Stampa

Cassazione: come si quantifica il risarcimento in caso di abuso di contratti a termine nella PA?


icona

Con l’ordinanza n. 19977 del 23.09.2020, la Cassazione ribadisce che, in caso di illegittima reiterazione di contratti a termine alle dipendenze di una PA, al lavoratore spetta unicamente il risarcimento del danno quantificato ai sensi dell’art. 32, comma 5, della L. 183/2010.

Il fatto affrontato

Due lavoratori, dipendenti di un Comune, ricorrono giudizialmente al fine di ottenere la declaratoria di illegittimità del termine apposto ai loro contratti di lavoro.
La Corte d’Appello accoglie la predetta domanda, riconoscendo ai ricorrenti un’indennità risarcitoria di 15 mensilità, pari cioè a quella spettante, ex art. 18 della L. 300/1970, al dipendente che rinuncia alla reintegra.

L’ordinanza

La Cassazione - nel ribaltare la statuizione della Corte d’Appello - afferma, preliminarmente, che nell'ipotesi di illegittima reiterazione di contratti a termine alle dipendenze di una pubblica amministrazione, il lavoratore ha diritto esclusivamente ad un risarcimento del danno.

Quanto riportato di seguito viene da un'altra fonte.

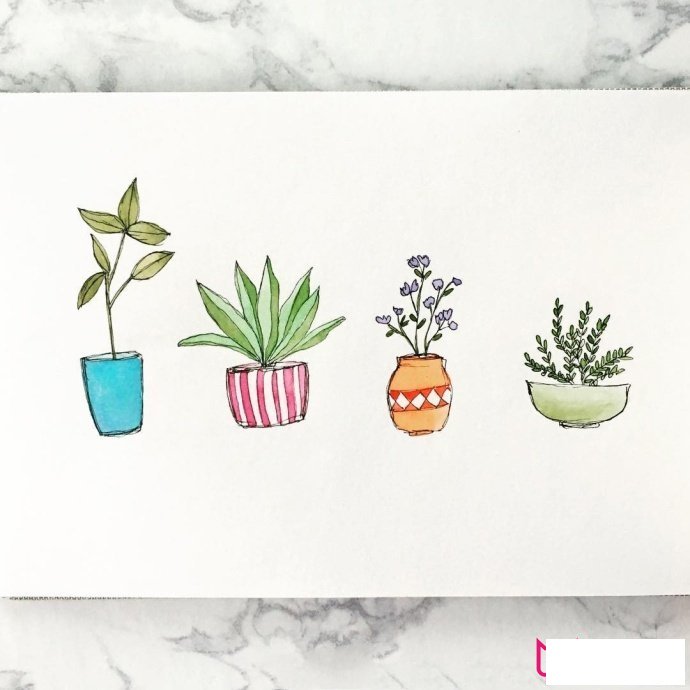 植物简笔画大全，小清新绿植盆栽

Secondo i Giudici di legittimità, detto pregiudizio è normalmente correlato alla perdita di chances di altre occasioni di lavoro stabile e non alla mancata conversione del rapporto, esclusa per legge con norma conforme sia ai parametri costituzionali che a quelli comunitari.

Per la sentenza, pertanto, ai fini della quantificazione del risarcimento, il parametro di cui all'art. 18 della L. 300/1970 risulta incongruo, perché per il dipendente pubblico a termine non c'è la perdita di alcun posto di lavoro.
A tal fine, appare, invero, più corretto fare riferimento all'art. 32, comma 5, della L. 183/2010, che riguarda specificamente il risarcimento del danno in caso di illegittima apposizione del termine.

Su tali presupposti, la Suprema Corte accoglie il ricorso del Comune datore, rideterminando il risarcimento riconosciuto ai due lavoratori.